The Shanghai Composite Index fell 0.5 percent to 2,117.21 at 10:04 a.m. local time, poised for the biggest loss since Aug. 20. The index had risen for four days, the longest stretch of gains in a month, as material producers rallied on signs of economic improvement and port operators surged on speculation they would benefit from the government’s expansion of free-trade zones to make services a bigger part of the economy.
“The excitement over upcoming reforms such as free trade zones” has been priced in, said Du Liang, an analyst from Shanxi Securities Co. “There’s some time before the benefits will materialize. The economic data has been good, but investors are still trying to see if we’ve bottomed.”
The CSI 300 Index slipped 0.2 percent to 2,344.98, while the Hang Seng China Enterprises Index rose 0.8 percent. The Bloomberg China-US Equity Index of the most-traded Chinese stocks in the U.S. added 0.7 percent in New York yesterday.

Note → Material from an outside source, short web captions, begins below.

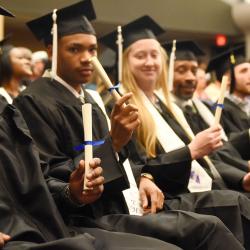 rows of graduates at a cermeony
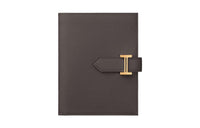 HERMES Bearn Epsom Calfskin Wallet Unisex 46 Ebony Wood Color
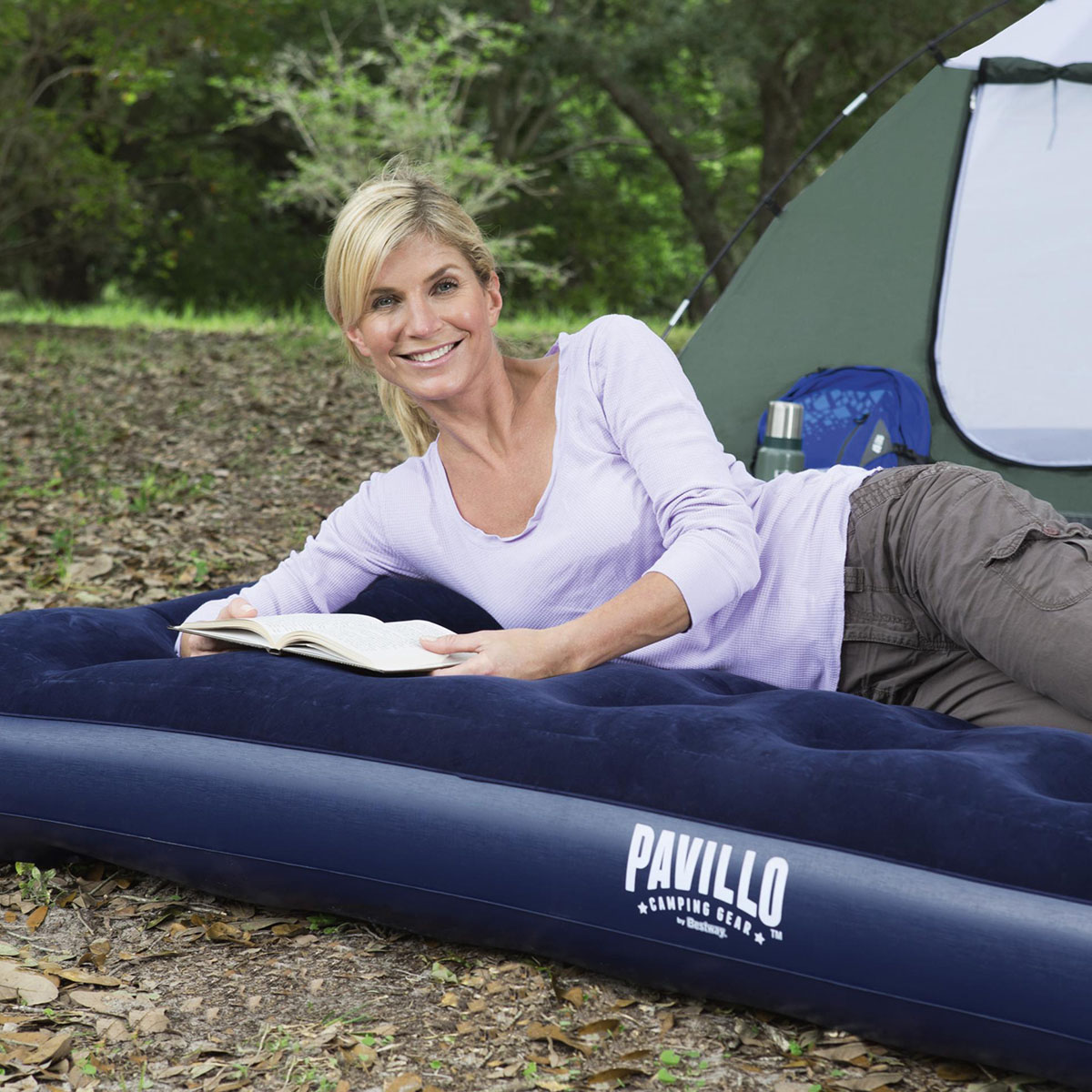 Uppblåsbar Madrass Bestway Pavillo Airbed Queen Med Inbyggd Fotpump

The Shanghai index has climbed 8.9 percent since reaching this year’s low on June 27, as reports ranging from industrial production to money supply signaled the economy is stabilizing. Government data released over the weekend showed a gauge of manufacturing climbing to a 16-month high in August. Official and private reports this week also showed an expansion in the services trade.
Trading volumes in the Shanghai index were 22 percent higher than the 30-day average for this time of day, according to data compiled by Bloomberg. It’s valued at 8.6 times its projected 12-month earnings, compared with the five-year average of 12.6 times, according to data compiled by Bloomberg.